*** RECORDS TO PROCESS ***
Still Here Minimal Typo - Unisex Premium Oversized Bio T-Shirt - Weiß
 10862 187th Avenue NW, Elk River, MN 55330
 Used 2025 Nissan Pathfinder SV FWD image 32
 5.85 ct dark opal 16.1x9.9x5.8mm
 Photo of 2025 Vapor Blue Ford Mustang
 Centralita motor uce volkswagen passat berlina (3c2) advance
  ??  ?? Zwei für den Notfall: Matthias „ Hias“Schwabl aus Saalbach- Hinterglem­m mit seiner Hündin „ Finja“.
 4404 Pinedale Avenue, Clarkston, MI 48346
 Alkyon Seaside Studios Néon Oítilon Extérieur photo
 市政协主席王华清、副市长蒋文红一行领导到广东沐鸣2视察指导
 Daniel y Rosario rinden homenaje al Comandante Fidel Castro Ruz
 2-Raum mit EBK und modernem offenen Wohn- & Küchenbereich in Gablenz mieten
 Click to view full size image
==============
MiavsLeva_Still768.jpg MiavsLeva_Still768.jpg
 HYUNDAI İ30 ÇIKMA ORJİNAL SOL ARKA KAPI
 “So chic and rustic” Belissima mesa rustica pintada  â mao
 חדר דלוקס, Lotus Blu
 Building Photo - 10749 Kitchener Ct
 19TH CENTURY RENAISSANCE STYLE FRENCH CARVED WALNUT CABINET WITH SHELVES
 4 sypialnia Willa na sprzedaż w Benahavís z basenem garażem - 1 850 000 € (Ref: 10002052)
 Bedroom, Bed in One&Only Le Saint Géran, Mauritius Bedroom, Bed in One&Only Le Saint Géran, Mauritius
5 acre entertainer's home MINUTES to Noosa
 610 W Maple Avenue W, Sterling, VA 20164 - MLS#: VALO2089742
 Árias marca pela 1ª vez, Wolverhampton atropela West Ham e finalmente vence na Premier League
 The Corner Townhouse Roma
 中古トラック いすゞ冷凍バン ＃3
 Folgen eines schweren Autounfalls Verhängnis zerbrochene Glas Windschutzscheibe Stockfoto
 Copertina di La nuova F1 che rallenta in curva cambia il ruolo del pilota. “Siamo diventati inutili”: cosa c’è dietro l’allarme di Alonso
***
# YOUR TASK:
Copy out every entry exactly.

# SOLUTION FOR THIS TASK:
Still Here Minimal Typo - Unisex Premium Oversized Bio T-Shirt - Weiß
 10862 187th Avenue NW, Elk River, MN 55330
 Used 2025 Nissan Pathfinder SV FWD image 32
 5.85 ct dark opal 16.1x9.9x5.8mm
 Photo of 2025 Vapor Blue Ford Mustang
 Centralita motor uce volkswagen passat berlina (3c2) advance
  ??  ?? Zwei für den Notfall: Matthias „ Hias“Schwabl aus Saalbach- Hinterglem­m mit seiner Hündin „ Finja“.
 4404 Pinedale Avenue, Clarkston, MI 48346
 Alkyon Seaside Studios Néon Oítilon Extérieur photo
 市政协主席王华清、副市长蒋文红一行领导到广东沐鸣2视察指导
 Daniel y Rosario rinden homenaje al Comandante Fidel Castro Ruz
 2-Raum mit EBK und modernem offenen Wohn- & Küchenbereich in Gablenz mieten
 Click to view full size image
==============
MiavsLeva_Still768.jpg MiavsLeva_Still768.jpg
 HYUNDAI İ30 ÇIKMA ORJİNAL SOL ARKA KAPI
 “So chic and rustic” Belissima mesa rustica pintada  â mao
 חדר דלוקס, Lotus Blu
 Building Photo - 10749 Kitchener Ct
 19TH CENTURY RENAISSANCE STYLE FRENCH CARVED WALNUT CABINET WITH SHELVES
 4 sypialnia Willa na sprzedaż w Benahavís z basenem garażem - 1 850 000 € (Ref: 10002052)
 Bedroom, Bed in One&Only Le Saint Géran, Mauritius Bedroom, Bed in One&Only Le Saint Géran, Mauritius
5 acre entertainer's home MINUTES to Noosa
 610 W Maple Avenue W, Sterling, VA 20164 - MLS#: VALO2089742
 Árias marca pela 1ª vez, Wolverhampton atropela West Ham e finalmente vence na Premier League
 The Corner Townhouse Roma
 中古トラック いすゞ冷凍バン ＃3
 Folgen eines schweren Autounfalls Verhängnis zerbrochene Glas Windschutzscheibe Stockfoto
 Copertina di La nuova F1 che rallenta in curva cambia il ruolo del pilota. “Siamo diventati inutili”: cosa c’è dietro l’allarme di Alonso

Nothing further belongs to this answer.